§ **ABOUT THIS TASK**: Write out the records again, exactly. Nothing may be dropped.

§ **SOURCE MATERIAL**:

<<<<

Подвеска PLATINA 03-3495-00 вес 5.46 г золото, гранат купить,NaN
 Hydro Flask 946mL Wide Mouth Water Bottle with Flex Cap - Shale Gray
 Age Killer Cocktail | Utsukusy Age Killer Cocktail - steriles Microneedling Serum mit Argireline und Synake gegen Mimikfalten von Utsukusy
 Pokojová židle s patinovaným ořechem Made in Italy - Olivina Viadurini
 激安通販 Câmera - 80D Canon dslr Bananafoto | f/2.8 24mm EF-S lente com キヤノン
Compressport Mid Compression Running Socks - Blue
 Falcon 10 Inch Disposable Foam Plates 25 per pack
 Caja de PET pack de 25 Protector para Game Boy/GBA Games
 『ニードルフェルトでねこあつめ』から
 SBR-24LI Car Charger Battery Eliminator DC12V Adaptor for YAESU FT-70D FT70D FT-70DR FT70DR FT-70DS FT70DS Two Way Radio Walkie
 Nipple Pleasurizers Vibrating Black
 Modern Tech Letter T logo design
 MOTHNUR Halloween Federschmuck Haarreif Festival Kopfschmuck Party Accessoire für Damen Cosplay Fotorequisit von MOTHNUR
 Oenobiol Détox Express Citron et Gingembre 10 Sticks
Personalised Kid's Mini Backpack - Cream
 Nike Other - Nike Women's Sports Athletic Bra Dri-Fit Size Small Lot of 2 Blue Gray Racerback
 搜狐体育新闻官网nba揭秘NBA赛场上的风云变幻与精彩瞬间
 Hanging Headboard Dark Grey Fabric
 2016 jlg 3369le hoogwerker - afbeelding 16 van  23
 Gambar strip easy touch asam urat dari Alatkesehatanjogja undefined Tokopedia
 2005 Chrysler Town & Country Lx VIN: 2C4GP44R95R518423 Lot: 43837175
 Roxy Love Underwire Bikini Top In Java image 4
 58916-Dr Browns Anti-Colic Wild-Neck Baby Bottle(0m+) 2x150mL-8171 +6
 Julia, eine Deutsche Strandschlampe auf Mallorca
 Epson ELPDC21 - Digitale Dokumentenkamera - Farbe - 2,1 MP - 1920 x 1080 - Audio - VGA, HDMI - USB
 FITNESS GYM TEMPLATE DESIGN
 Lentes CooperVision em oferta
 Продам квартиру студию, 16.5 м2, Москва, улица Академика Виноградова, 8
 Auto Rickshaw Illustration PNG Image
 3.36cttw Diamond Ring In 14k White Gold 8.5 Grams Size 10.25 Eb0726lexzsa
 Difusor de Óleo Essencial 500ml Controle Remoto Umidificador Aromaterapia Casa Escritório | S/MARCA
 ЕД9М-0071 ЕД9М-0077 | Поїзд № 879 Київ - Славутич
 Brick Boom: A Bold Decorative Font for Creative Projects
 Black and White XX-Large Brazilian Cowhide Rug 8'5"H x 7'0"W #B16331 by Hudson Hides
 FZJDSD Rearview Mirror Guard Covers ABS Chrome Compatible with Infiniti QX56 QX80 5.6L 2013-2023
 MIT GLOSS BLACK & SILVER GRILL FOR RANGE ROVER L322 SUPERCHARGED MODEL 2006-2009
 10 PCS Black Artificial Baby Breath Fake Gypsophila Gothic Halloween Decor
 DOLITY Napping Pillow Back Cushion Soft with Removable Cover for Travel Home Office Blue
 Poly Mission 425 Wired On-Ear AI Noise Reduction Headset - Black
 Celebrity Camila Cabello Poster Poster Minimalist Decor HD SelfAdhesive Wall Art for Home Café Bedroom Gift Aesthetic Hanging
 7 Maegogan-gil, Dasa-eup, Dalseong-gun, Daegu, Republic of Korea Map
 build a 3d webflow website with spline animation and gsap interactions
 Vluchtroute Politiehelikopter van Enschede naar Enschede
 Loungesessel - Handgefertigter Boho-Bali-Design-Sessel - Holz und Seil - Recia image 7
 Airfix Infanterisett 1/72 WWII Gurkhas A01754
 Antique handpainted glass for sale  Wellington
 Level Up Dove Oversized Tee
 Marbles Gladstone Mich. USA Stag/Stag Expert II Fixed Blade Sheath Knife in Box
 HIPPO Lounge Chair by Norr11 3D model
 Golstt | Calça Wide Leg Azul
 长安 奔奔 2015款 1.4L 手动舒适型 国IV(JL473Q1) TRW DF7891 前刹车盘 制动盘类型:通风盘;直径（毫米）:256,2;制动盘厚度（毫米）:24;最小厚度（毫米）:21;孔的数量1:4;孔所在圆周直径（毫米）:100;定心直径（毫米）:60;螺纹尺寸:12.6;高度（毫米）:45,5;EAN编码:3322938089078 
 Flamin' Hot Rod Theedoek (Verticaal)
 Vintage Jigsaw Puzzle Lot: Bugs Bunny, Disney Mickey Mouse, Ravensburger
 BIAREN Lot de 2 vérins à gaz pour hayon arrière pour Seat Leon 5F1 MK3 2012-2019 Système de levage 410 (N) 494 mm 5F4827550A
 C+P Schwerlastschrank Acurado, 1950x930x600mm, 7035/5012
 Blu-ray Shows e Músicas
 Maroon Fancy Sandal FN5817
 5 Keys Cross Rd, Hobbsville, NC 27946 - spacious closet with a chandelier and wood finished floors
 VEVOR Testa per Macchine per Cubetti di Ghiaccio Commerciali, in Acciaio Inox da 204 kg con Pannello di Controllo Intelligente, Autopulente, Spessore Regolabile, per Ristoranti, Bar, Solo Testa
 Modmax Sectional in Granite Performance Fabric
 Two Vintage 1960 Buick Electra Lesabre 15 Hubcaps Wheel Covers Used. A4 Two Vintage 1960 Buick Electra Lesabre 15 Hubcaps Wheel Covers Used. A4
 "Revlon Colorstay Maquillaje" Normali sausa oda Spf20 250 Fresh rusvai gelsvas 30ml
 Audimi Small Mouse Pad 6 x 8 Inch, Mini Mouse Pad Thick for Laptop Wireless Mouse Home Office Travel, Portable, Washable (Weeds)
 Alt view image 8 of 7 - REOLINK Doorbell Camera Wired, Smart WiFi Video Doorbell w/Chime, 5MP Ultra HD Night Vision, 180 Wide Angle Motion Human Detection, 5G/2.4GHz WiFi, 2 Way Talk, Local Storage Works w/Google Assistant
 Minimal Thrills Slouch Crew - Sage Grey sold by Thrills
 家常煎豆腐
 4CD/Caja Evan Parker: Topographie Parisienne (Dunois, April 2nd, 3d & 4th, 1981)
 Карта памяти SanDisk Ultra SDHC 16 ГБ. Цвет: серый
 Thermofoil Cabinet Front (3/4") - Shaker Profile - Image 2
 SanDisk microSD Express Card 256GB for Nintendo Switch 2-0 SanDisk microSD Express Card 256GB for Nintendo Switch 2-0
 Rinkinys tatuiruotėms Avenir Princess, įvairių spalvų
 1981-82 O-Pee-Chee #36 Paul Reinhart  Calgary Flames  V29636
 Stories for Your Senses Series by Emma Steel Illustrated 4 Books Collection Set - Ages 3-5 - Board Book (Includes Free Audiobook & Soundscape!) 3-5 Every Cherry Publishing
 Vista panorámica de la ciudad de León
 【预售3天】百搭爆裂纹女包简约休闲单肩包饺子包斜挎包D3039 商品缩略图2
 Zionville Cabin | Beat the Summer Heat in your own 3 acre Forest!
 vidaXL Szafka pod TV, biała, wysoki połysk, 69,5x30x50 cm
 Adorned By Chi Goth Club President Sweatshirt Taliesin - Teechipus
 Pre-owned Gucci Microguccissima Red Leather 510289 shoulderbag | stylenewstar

>>>>

§ **PROBLEM SOLUTION**:
Подвеска PLATINA 03-3495-00 вес 5.46 г золото, гранат купить,NaN
 Hydro Flask 946mL Wide Mouth Water Bottle with Flex Cap - Shale Gray
 Age Killer Cocktail | Utsukusy Age Killer Cocktail - steriles Microneedling Serum mit Argireline und Synake gegen Mimikfalten von Utsukusy
 Pokojová židle s patinovaným ořechem Made in Italy - Olivina Viadurini
 激安通販 Câmera - 80D Canon dslr Bananafoto | f/2.8 24mm EF-S lente com キヤノン
Compressport Mid Compression Running Socks - Blue
 Falcon 10 Inch Disposable Foam Plates 25 per pack
 Caja de PET pack de 25 Protector para Game Boy/GBA Games
 『ニードルフェルトでねこあつめ』から
 SBR-24LI Car Charger Battery Eliminator DC12V Adaptor for YAESU FT-70D FT70D FT-70DR FT70DR FT-70DS FT70DS Two Way Radio Walkie
 Nipple Pleasurizers Vibrating Black
 Modern Tech Letter T logo design
 MOTHNUR Halloween Federschmuck Haarreif Festival Kopfschmuck Party Accessoire für Damen Cosplay Fotorequisit von MOTHNUR
 Oenobiol Détox Express Citron et Gingembre 10 Sticks
Personalised Kid's Mini Backpack - Cream
 Nike Other - Nike Women's Sports Athletic Bra Dri-Fit Size Small Lot of 2 Blue Gray Racerback
 搜狐体育新闻官网nba揭秘NBA赛场上的风云变幻与精彩瞬间
 Hanging Headboard Dark Grey Fabric
 2016 jlg 3369le hoogwerker - afbeelding 16 van  23
 Gambar strip easy touch asam urat dari Alatkesehatanjogja undefined Tokopedia
 2005 Chrysler Town & Country Lx VIN: 2C4GP44R95R518423 Lot: 43837175
 Roxy Love Underwire Bikini Top In Java image 4
 58916-Dr Browns Anti-Colic Wild-Neck Baby Bottle(0m+) 2x150mL-8171 +6
 Julia, eine Deutsche Strandschlampe auf Mallorca
 Epson ELPDC21 - Digitale Dokumentenkamera - Farbe - 2,1 MP - 1920 x 1080 - Audio - VGA, HDMI - USB
 FITNESS GYM TEMPLATE DESIGN
 Lentes CooperVision em oferta
 Продам квартиру студию, 16.5 м2, Москва, улица Академика Виноградова, 8
 Auto Rickshaw Illustration PNG Image
 3.36cttw Diamond Ring In 14k White Gold 8.5 Grams Size 10.25 Eb0726lexzsa
 Difusor de Óleo Essencial 500ml Controle Remoto Umidificador Aromaterapia Casa Escritório | S/MARCA
 ЕД9М-0071 ЕД9М-0077 | Поїзд № 879 Київ - Славутич
 Brick Boom: A Bold Decorative Font for Creative Projects
 Black and White XX-Large Brazilian Cowhide Rug 8'5"H x 7'0"W #B16331 by Hudson Hides
 FZJDSD Rearview Mirror Guard Covers ABS Chrome Compatible with Infiniti QX56 QX80 5.6L 2013-2023
 MIT GLOSS BLACK & SILVER GRILL FOR RANGE ROVER L322 SUPERCHARGED MODEL 2006-2009
 10 PCS Black Artificial Baby Breath Fake Gypsophila Gothic Halloween Decor
 DOLITY Napping Pillow Back Cushion Soft with Removable Cover for Travel Home Office Blue
 Poly Mission 425 Wired On-Ear AI Noise Reduction Headset - Black
 Celebrity Camila Cabello Poster Poster Minimalist Decor HD SelfAdhesive Wall Art for Home Café Bedroom Gift Aesthetic Hanging
 7 Maegogan-gil, Dasa-eup, Dalseong-gun, Daegu, Republic of Korea Map
 build a 3d webflow website with spline animation and gsap interactions
 Vluchtroute Politiehelikopter van Enschede naar Enschede
 Loungesessel - Handgefertigter Boho-Bali-Design-Sessel - Holz und Seil - Recia image 7
 Airfix Infanterisett 1/72 WWII Gurkhas A01754
 Antique handpainted glass for sale  Wellington
 Level Up Dove Oversized Tee
 Marbles Gladstone Mich. USA Stag/Stag Expert II Fixed Blade Sheath Knife in Box
 HIPPO Lounge Chair by Norr11 3D model
 Golstt | Calça Wide Leg Azul
 长安 奔奔 2015款 1.4L 手动舒适型 国IV(JL473Q1) TRW DF7891 前刹车盘 制动盘类型:通风盘;直径（毫米）:256,2;制动盘厚度（毫米）:24;最小厚度（毫米）:21;孔的数量1:4;孔所在圆周直径（毫米）:100;定心直径（毫米）:60;螺纹尺寸:12.6;高度（毫米）:45,5;EAN编码:3322938089078 
 Flamin' Hot Rod Theedoek (Verticaal)
 Vintage Jigsaw Puzzle Lot: Bugs Bunny, Disney Mickey Mouse, Ravensburger
 BIAREN Lot de 2 vérins à gaz pour hayon arrière pour Seat Leon 5F1 MK3 2012-2019 Système de levage 410 (N) 494 mm 5F4827550A
 C+P Schwerlastschrank Acurado, 1950x930x600mm, 7035/5012
 Blu-ray Shows e Músicas
 Maroon Fancy Sandal FN5817
 5 Keys Cross Rd, Hobbsville, NC 27946 - spacious closet with a chandelier and wood finished floors
 VEVOR Testa per Macchine per Cubetti di Ghiaccio Commerciali, in Acciaio Inox da 204 kg con Pannello di Controllo Intelligente, Autopulente, Spessore Regolabile, per Ristoranti, Bar, Solo Testa
 Modmax Sectional in Granite Performance Fabric
 Two Vintage 1960 Buick Electra Lesabre 15 Hubcaps Wheel Covers Used. A4 Two Vintage 1960 Buick Electra Lesabre 15 Hubcaps Wheel Covers Used. A4
 "Revlon Colorstay Maquillaje" Normali sausa oda Spf20 250 Fresh rusvai gelsvas 30ml
 Audimi Small Mouse Pad 6 x 8 Inch, Mini Mouse Pad Thick for Laptop Wireless Mouse Home Office Travel, Portable, Washable (Weeds)
 Alt view image 8 of 7 - REOLINK Doorbell Camera Wired, Smart WiFi Video Doorbell w/Chime, 5MP Ultra HD Night Vision, 180 Wide Angle Motion Human Detection, 5G/2.4GHz WiFi, 2 Way Talk, Local Storage Works w/Google Assistant
 Minimal Thrills Slouch Crew - Sage Grey sold by Thrills
 家常煎豆腐
 4CD/Caja Evan Parker: Topographie Parisienne (Dunois, April 2nd, 3d & 4th, 1981)
 Карта памяти SanDisk Ultra SDHC 16 ГБ. Цвет: серый
 Thermofoil Cabinet Front (3/4") - Shaker Profile - Image 2
 SanDisk microSD Express Card 256GB for Nintendo Switch 2-0 SanDisk microSD Express Card 256GB for Nintendo Switch 2-0
 Rinkinys tatuiruotėms Avenir Princess, įvairių spalvų
 1981-82 O-Pee-Chee #36 Paul Reinhart  Calgary Flames  V29636
 Stories for Your Senses Series by Emma Steel Illustrated 4 Books Collection Set - Ages 3-5 - Board Book (Includes Free Audiobook & Soundscape!) 3-5 Every Cherry Publishing
 Vista panorámica de la ciudad de León
 【预售3天】百搭爆裂纹女包简约休闲单肩包饺子包斜挎包D3039 商品缩略图2
 Zionville Cabin | Beat the Summer Heat in your own 3 acre Forest!
 vidaXL Szafka pod TV, biała, wysoki połysk, 69,5x30x50 cm
 Adorned By Chi Goth Club President Sweatshirt Taliesin - Teechipus
 Pre-owned Gucci Microguccissima Red Leather 510289 shoulderbag | stylenewstar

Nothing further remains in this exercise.